===== Data excerpts =====
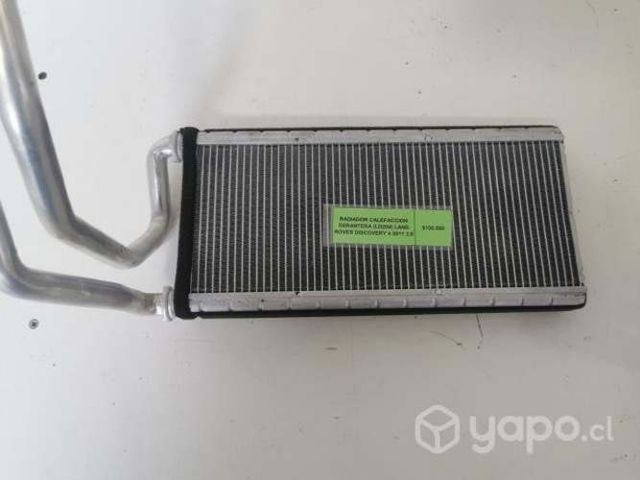 Radiador Calefaccion Delantera (LD204) Land Rover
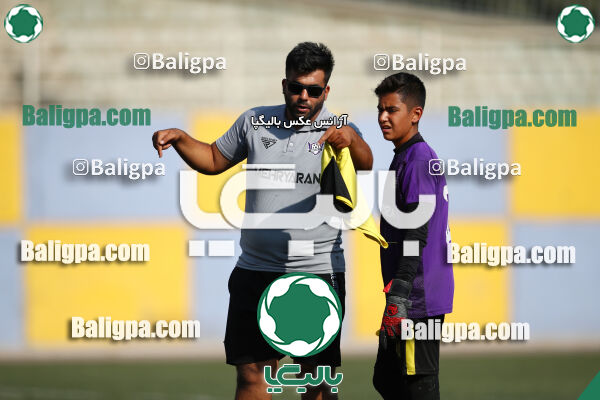 سایپا 0–0 مهر یاران حافظ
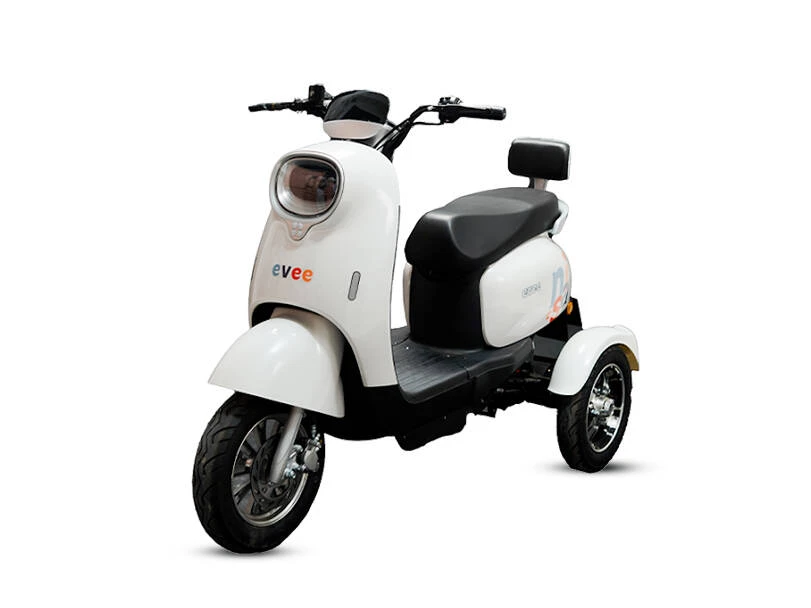 Evee Nisa 3W: Evee Nisa 3W — reviewed model photograph; colour representative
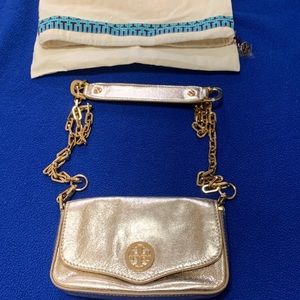 Tory Burch cross body/evening bag.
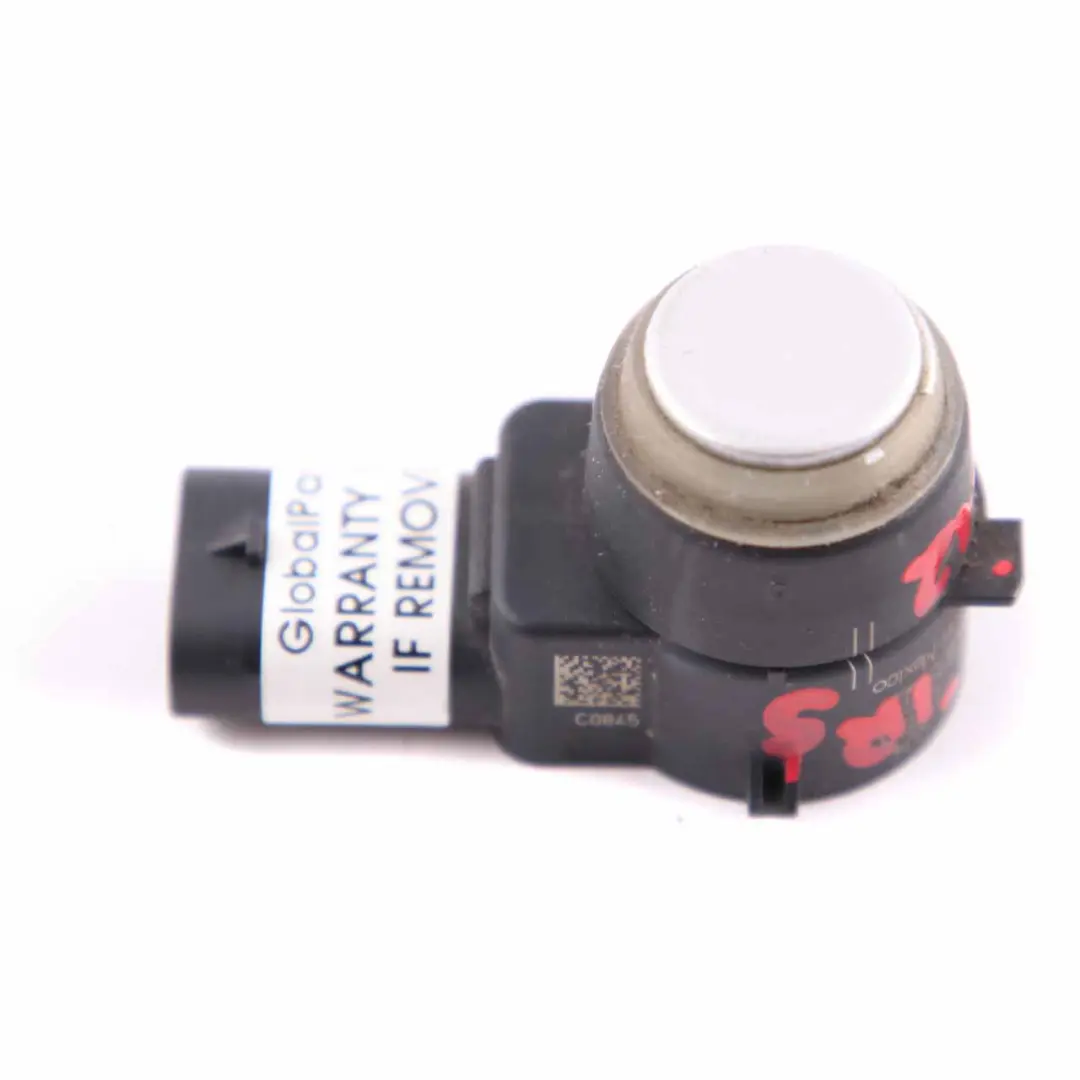 Sensor Distancia Aparcamiento Delantero Iridium Silver para Mercedes W169 W245 W204 con número de pieza A2125420018 Mercedes W169 W245 W204 Sensor Distancia Aparcamiento Delantero Iridium Silver - SKU A2125420018-IRS - Número de pieza A2125420018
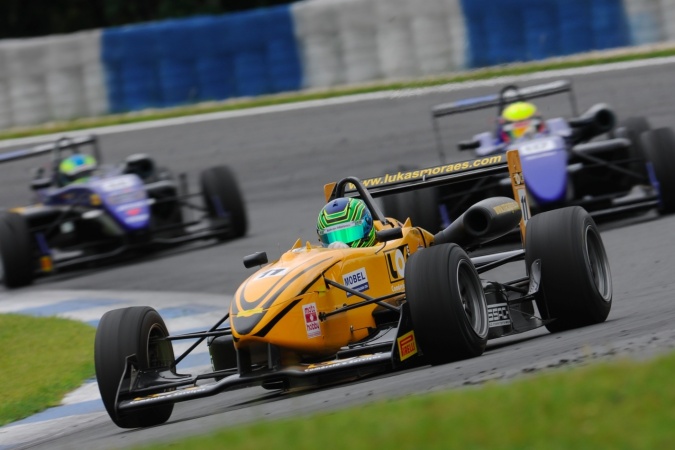 Photo: Lukas Moraes - RR Racing Team - Dallara F399 - Berta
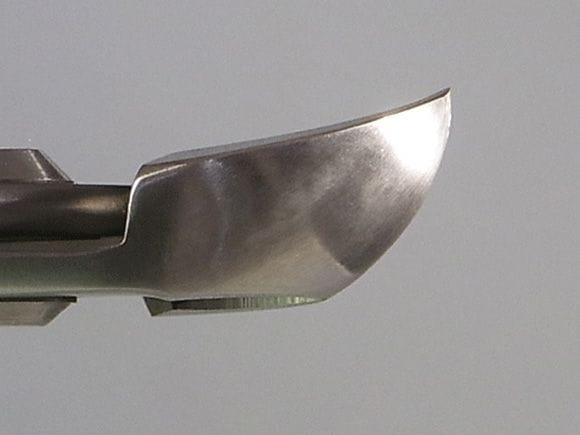 ステンレス　丸刃又枝切 小　全長180mm　NO.803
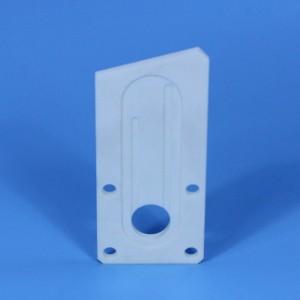 Alumina tablete de aspirație ceramică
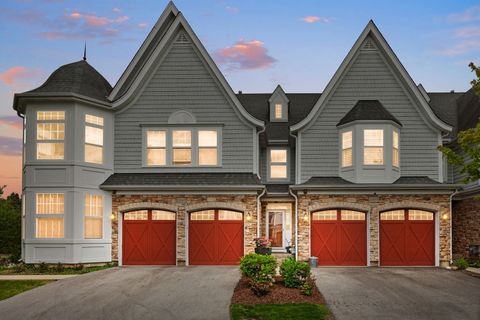 Tiny photo for 21889 W Talia Lane, Deer Park, IL 60010 (MLS # 12648547)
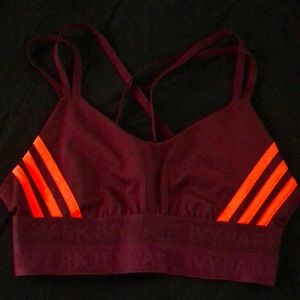 COPY - Ivy Park by Adidas racerback bra!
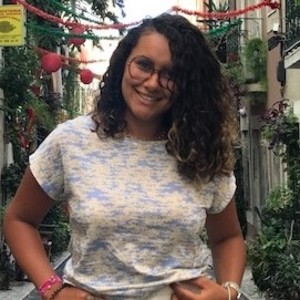 Sarah - Prof de fle - français langue étrangère - Levallois-Perret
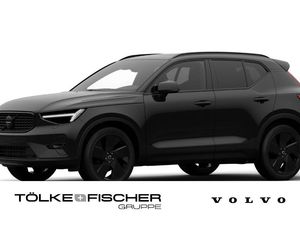 Volvo XC40 B4 Ultra Black Edition Gewerbe Spezial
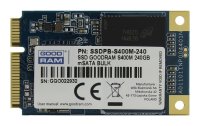 240  SSD- Goodram S400m [SSDPB-S400M-240]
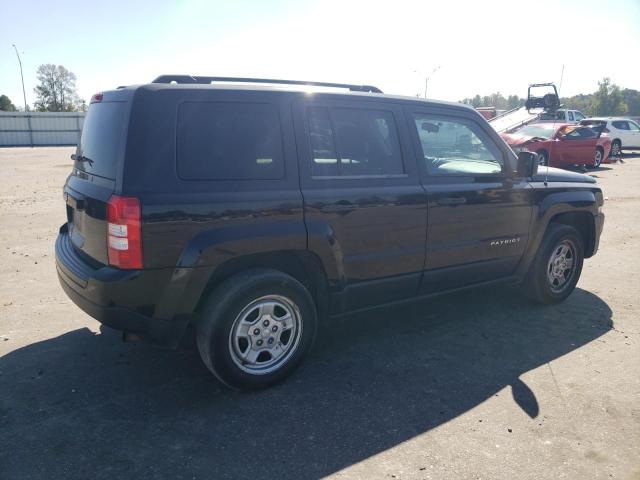 Obraz 3 z 2014 JEEP PATRIOT SPORT 2014 z VIN 1C4NJPBB5ED848711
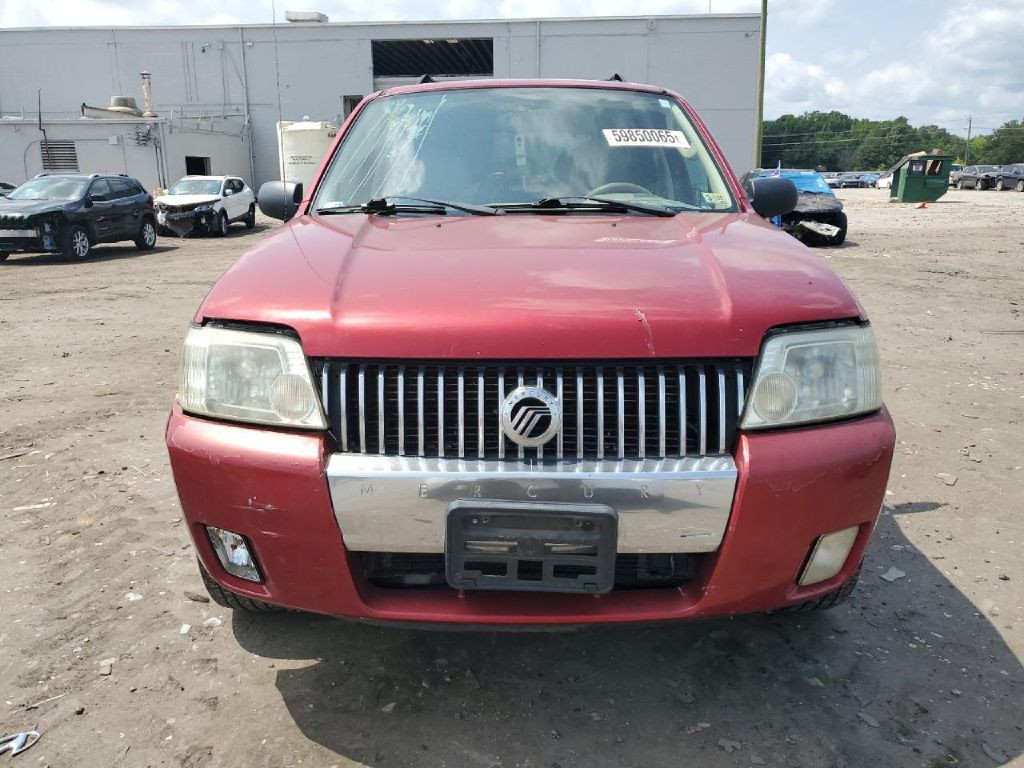 2005 Mercury Mariner Image 2
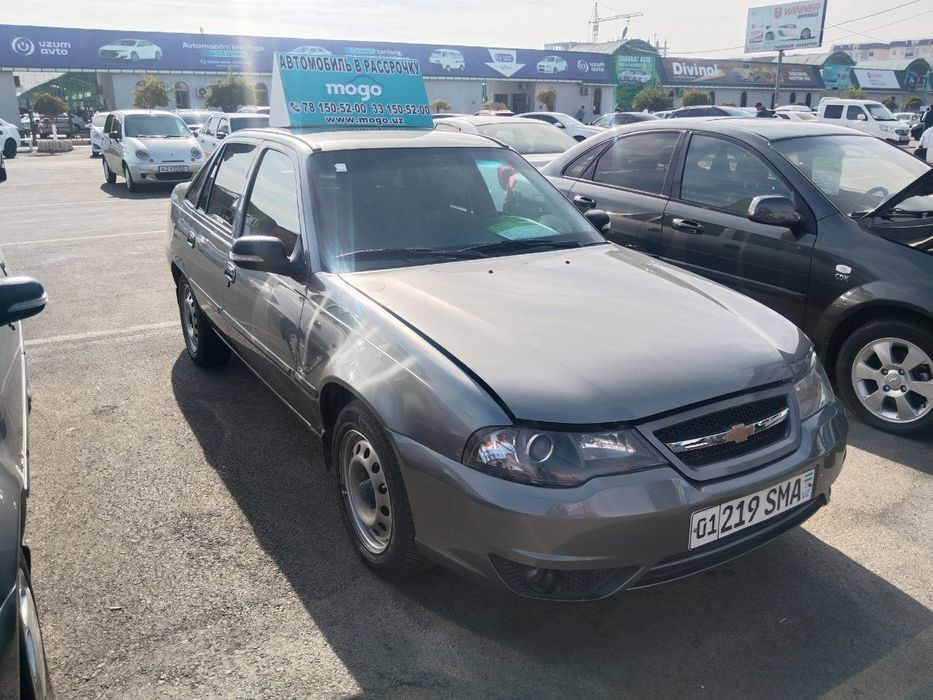 Nexia 2 2015 Mogo Lend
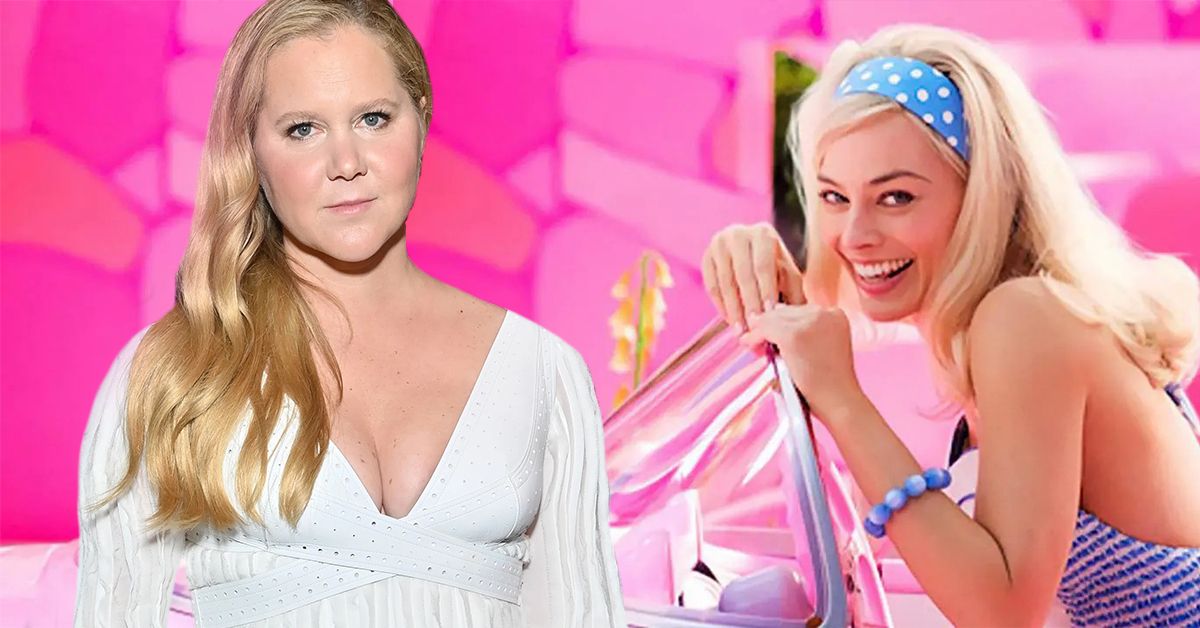 Audiences Are Thrilled That Amy Schumer Won't Appear In The Barbie Film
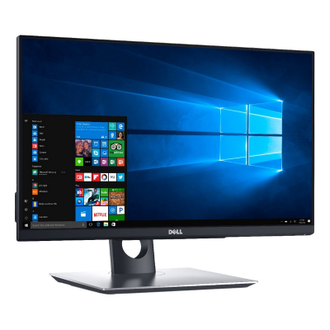 Монитор Dell P2418HT(2418-5128)Touch/VGA/DP/HDMI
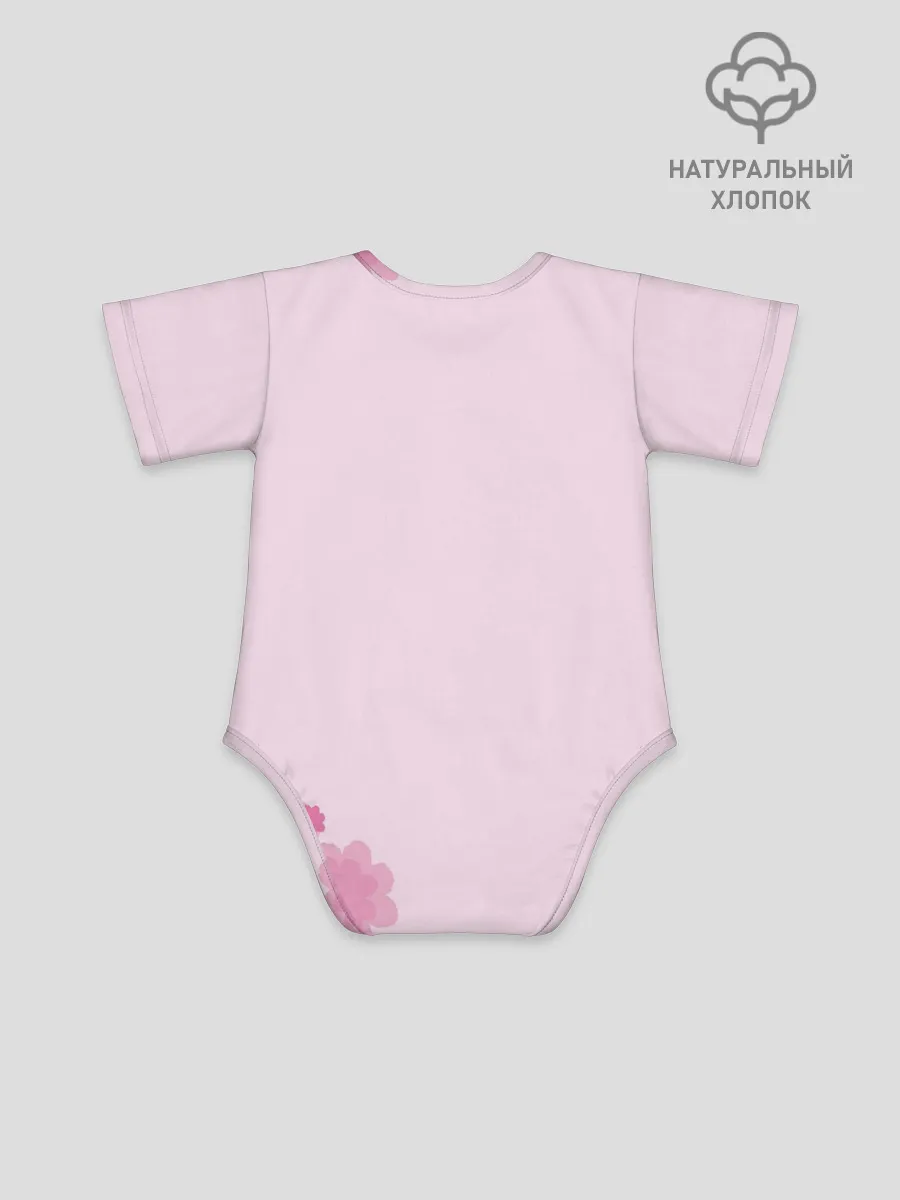 Детское боди / Циркачка Мэй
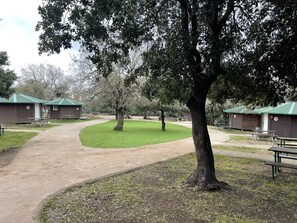 Children's play area - outdoor - Yaar Odem Resort (Odem)
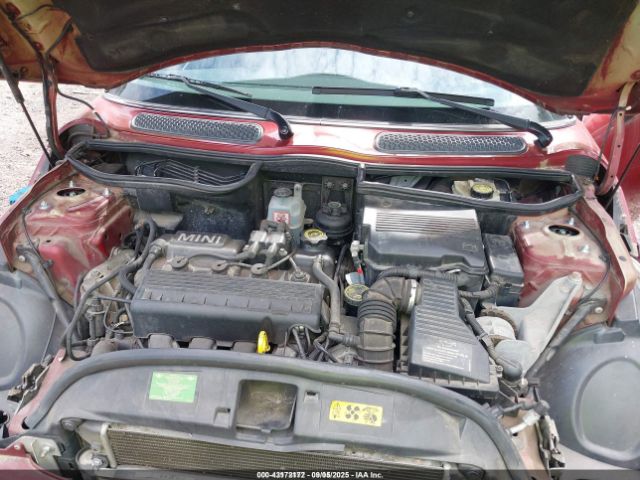 2007 MINI COOPER WMWRF33507TF66764 Photo 9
=====
▶ **What you are asked to do**:
With the pictures left out, please output each line from the one containing "2005 Mercury Mariner Image 2" through the end of the entries, exactly as it is.

▶ **Task answer**:
 2005 Mercury Mariner Image 2
 Nexia 2 2015 Mogo Lend
 Audiences Are Thrilled That Amy Schumer Won't Appear In The Barbie Film
 Монитор Dell P2418HT(2418-5128)Touch/VGA/DP/HDMI
 Детское боди / Циркачка Мэй
 Children's play area - outdoor - Yaar Odem Resort (Odem)
 2007 MINI COOPER WMWRF33507TF66764 Photo 9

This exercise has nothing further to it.